De acordo com o New York Times, funcionários locais da embaixada não estavam trabalhando por causa do feriado de Carnaval. Eles teriam sido comunicados no dia 14 para permanecerem em casa até o final da semana, ainda segundo a publicação.

O embaixador húngaro no Brasil é Miklós Halmai. A Folha procurou a missão diplomática, mas não obteve resposta.

A notícia gerou irritação entre auxiliares do governo Lula, que viram no gesto do embaixador da Hungria uma tentativa de interferência em assuntos internos do Brasil.

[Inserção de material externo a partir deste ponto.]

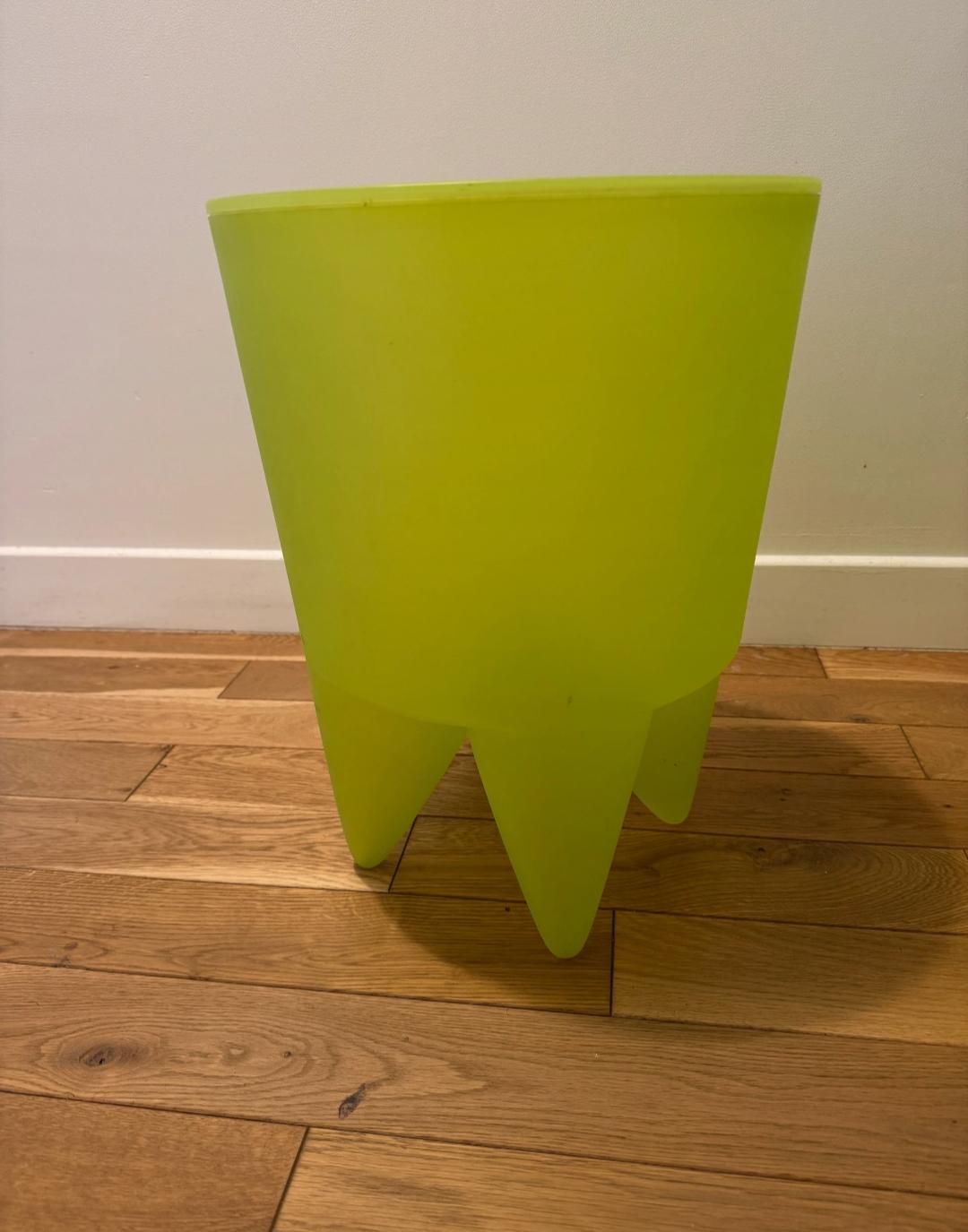 XO〈BU BU〉 Philippe Starckスツール　フィリップ・スタルク XO〈BU BU〉 Philippe Starckスツール フィリップ・スタルク 【公式通販】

Nesta segunda, o Itamaraty decidiu convocar Halmai para dar explicações na sede da chancelaria.

Nas relações diplomáticas, a convocação de um embaixador para prestar esclarecimentos é uma forma de o país anfitrião mostrar contrariedade.

De acordo com pessoas que acompanham o tema, ele esteve no Itamaraty e ouviu queixas da secretária de Europa e América do Norte do Itamaraty, embaixadora Maria Luisa Escorel de Moraes. Ainda segundo esses interlocutores, ele permaneceu por cerca de 20 minutos no Itamaraty e apenas ouviu a mensagem transmitida por Escorel, sem se manifestar.

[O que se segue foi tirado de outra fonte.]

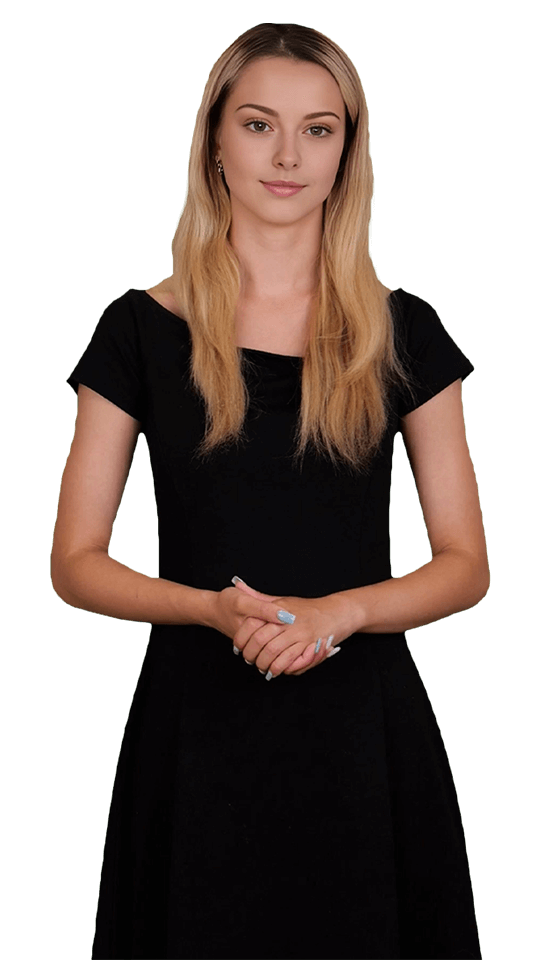 AI English Teacher Sarah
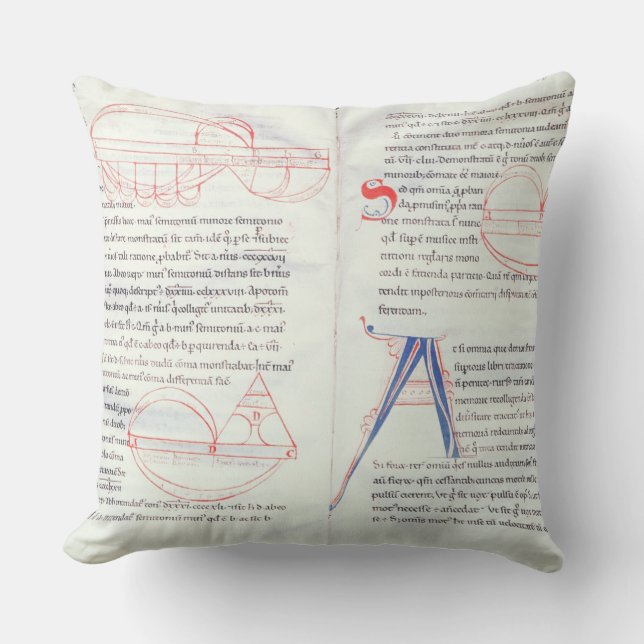 Musikaliska mellanrum f.47-48 för Ms 237 från Kudde (Framsida)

O ministro Alexandre Padilha (Secretaria de Relações Institucionais) afirmou, também nesta segunda, que a revelação de que Bolsonaro se hospedou na embaixada da Hungria mostra que o ex-presidente é "fugitivo confesso".

"Que o Bolsonaro é um fugitivo confesso é zero surpresa, mais uma vez ele mostrou os seus planos de fugir. Ele fez isso no final do ano retrasado, depois das eleições, de ter fugido para os Estados Unidos", disse Padilha, após ter acompanhado sessão em homenagem aos 200 anos do Senado Federal.

"Várias vezes disse que tinha a possibilidade, [que] tem contato com chefes de Estado da extrema-direita do mundo, a coalizão da morte, do desrespeito aos direitos humanos. Mais uma vez essas imagens só reforçam que Bolsonaro é um fugitivo confesso".

A presidente do PT, deputada Gleisi Hoffmann (PT-PR), usou as redes sociais para fazer um paralelo com a ida de Bolsonaro para os EUA a fim de evitar a passagem de faixa para Lula. "E não é que o Bolsonaro estava querendo fugir outra vez? Primeiro ele se escondeu em Miami e agora ficamos sabendo que foi se hospedar na Embaixada da Hungria, por cortesia do extrema direita Orbán. Medo é tudo que resta para o inelegível", disse.

A Hungria, um país pós-comunista de 10 milhões de habitantes, se tornou referência para conservadores em todo o mundo. Isso não aconteceu por acaso: foi uma política de Estado pensada meticulosamente por Orbán.

Em paralelo ao investimento do governo húngaro na construção de um soft power veio o desmonte da democracia húngara. O primeiro-ministro governa desde 2010 com uma maioria de dois terços do Parlamento, o que permitiu que ele aprovasse uma nova Constituição.

Institutos que medem a qualidade das democracias no mundo, opositores e jornalistas dizem que Orbán minou a independência do Judiciário, tomou conta do mercado de mídia, sufocou ONGs e universidades, aprovou leis contra minorias, como a comunidade LGBTQIA+ e os imigrantes, e redefiniu distritos eleitorais para favorecer o partido dele.